(THE INPUT)

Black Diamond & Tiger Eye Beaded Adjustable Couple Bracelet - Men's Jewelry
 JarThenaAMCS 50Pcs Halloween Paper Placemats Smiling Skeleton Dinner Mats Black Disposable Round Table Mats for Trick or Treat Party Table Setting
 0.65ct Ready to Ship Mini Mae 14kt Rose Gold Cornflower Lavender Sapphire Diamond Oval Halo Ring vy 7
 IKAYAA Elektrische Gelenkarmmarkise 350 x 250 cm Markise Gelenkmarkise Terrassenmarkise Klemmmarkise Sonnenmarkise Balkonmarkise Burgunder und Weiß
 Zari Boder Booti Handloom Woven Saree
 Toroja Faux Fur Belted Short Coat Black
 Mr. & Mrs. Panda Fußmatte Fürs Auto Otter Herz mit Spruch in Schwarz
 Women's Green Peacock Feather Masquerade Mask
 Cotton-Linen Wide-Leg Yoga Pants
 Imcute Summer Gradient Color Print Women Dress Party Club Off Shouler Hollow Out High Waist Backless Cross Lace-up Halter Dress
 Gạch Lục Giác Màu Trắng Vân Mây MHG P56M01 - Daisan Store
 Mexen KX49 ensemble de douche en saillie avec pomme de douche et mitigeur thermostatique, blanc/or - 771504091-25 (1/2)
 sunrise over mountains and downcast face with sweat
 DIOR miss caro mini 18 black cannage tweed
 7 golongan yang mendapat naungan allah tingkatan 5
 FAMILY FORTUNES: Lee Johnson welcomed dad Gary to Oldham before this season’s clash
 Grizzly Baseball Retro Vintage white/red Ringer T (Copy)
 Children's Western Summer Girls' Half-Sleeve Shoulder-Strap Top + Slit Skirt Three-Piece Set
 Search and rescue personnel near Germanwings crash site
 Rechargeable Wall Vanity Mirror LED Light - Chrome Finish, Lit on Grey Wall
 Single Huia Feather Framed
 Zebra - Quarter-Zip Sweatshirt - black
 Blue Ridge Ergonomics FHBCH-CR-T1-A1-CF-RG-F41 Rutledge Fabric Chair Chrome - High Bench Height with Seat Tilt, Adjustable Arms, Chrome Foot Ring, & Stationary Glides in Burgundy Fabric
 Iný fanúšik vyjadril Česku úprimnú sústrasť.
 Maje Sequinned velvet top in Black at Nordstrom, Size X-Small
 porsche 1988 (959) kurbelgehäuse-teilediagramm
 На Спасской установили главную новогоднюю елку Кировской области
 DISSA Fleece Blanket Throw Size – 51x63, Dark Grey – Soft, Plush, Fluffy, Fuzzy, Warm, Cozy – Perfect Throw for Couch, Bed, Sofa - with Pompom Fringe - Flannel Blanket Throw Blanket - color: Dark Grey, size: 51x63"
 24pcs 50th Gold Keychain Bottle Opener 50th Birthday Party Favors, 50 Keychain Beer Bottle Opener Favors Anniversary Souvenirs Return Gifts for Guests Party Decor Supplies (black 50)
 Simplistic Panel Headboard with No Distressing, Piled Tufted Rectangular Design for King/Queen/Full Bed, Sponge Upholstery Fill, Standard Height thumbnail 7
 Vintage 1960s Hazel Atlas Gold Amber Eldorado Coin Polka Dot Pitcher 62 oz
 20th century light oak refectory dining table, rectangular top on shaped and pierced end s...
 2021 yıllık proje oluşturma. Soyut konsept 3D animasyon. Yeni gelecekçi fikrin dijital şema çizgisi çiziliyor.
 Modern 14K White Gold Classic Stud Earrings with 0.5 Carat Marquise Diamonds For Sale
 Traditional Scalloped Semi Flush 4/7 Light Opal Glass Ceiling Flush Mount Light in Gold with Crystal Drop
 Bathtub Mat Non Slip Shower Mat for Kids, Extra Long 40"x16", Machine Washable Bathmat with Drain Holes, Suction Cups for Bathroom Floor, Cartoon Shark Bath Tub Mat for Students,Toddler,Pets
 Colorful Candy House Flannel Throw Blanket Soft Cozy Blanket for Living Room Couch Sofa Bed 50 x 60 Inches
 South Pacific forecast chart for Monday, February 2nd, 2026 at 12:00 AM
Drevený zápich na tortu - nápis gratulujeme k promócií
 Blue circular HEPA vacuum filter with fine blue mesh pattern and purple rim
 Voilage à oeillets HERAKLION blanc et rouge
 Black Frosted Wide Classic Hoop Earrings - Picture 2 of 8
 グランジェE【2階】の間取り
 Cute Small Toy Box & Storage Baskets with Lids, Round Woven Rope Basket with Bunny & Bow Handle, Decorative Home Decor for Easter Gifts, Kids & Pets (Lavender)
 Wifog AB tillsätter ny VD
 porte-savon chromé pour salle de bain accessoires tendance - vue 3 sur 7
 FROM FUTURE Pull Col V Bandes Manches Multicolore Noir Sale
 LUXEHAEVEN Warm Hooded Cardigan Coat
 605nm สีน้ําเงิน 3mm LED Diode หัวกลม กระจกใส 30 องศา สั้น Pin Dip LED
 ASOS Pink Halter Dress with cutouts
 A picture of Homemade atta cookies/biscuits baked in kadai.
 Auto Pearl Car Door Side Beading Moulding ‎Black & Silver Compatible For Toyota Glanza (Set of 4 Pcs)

(End THE INPUT)

TASK OBJECTIVE:
Output the lines of the records above exactly as they appear, from the line containing "Children's Western Summer" through the line containing "Zebra - Quarter-Zip Sweatshirt - black".

RESULT:
 Children's Western Summer Girls' Half-Sleeve Shoulder-Strap Top + Slit Skirt Three-Piece Set
 Search and rescue personnel near Germanwings crash site
 Rechargeable Wall Vanity Mirror LED Light - Chrome Finish, Lit on Grey Wall
 Single Huia Feather Framed
 Zebra - Quarter-Zip Sweatshirt - black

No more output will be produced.